1. MIGRATION: check crontab for 'stardb' user. Mare sure that "old" and "new" collector daemons are really running, before moving further. Verify that migration macros experience no problems by trying some simple migration script. If it breaks saying that library is not found or something - find latest stable (old) version of STAR lib and set it to .cshrc config file. If tests succeed, enable cron jobs for all macros, and verify that logs contain meaningful output (no errors, warnings etc).
 

--- dean.star.bnl.gov ---

1. PLOTS: Check dbPlots configuration, re-create it as a copy with incremented Run number if neccesary. Subsystem experts tend to check those plots often, so it is better to have dbPlots and mq collectors up and running a little earlier than the rest of services.

2. MONITORING:

3. RUNLOG - now RunLog browser should display recent runs.

--- db03.star.bnl.gov ---

1. TRIGGER COUNTS check cront tab for root, it should have the following records:
40 5 * * * /root/online_db/cron/fillDaqFileTag.sh
0,10,15,20,25,30,35,40,45,50,55 * * * * /root/online_db/sum_insTrgCnt >> /root/online_db/trgCnt.log

First script copies daqFileTag table from online db to local 'trigger' database. Second script calculates trigger counts for FileCatalog (Lidia). Please make sure that both migration and trigger counting work before you enable it in the crontab. There is no monitoring to enable for this service.
 

--- dbbak.starp.bnl.gov ---

1. ONLINE BACKUPS: make sure that mysql-zrm is taking backups from onl10.starp.bnl.gov for all three ports. It should take raw backups daily and weekly, and logical backups once per month or so. It is generally recommended to periodically store weekly / monthly backups to HPSS, for long-term archival using /star/data07/dbbackup directory as temporary buffer space.

 

II. The following paragraphs should be examined *after* the data taking stops:

1. DB MERGE: Online databases from onldb.starp (all three ports) and onl11.starp (port 3606) should be merged into one. Make sure you keep mysql privilege tables from onldb.starp:3501. Do not overwrite it with 3502 or 3503 data. Add privileges allowing read-only access to mq_collector_<bla> tables from onl11.starp:3606 db.

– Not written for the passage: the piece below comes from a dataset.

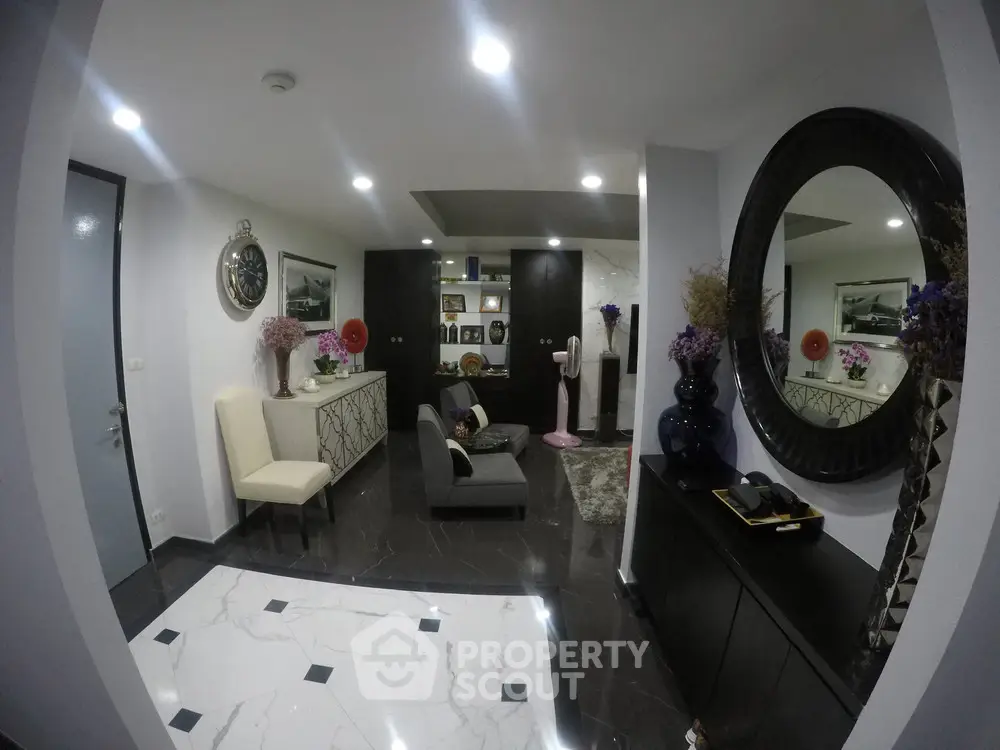  2 Bedrooms Condo at The Garden-9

2. DB ARCHIVE PART ONE: copy merged database to dbbak.starp.bnl.gov, and start it with incremented port number. Compress it with mysqlpack, if needed. Don't forget to add 'read-only' option to mysql config. It is generally recommended to put an extra copy to NAS archive, for fast restore if primary drive crashes.

3. DB ARCHIVE PART TWO: archive merged database, and split resulting .tgz file into chunks of ~4-5 GB each. Ship those chunks to HPSS for long-term archival using /star/data07/dbbackup as temporary(!) buffer storage space.

4. STOP MIGRATION macros at onl13.starp.bnl.gov - there is no need to run that during summer shutdown period.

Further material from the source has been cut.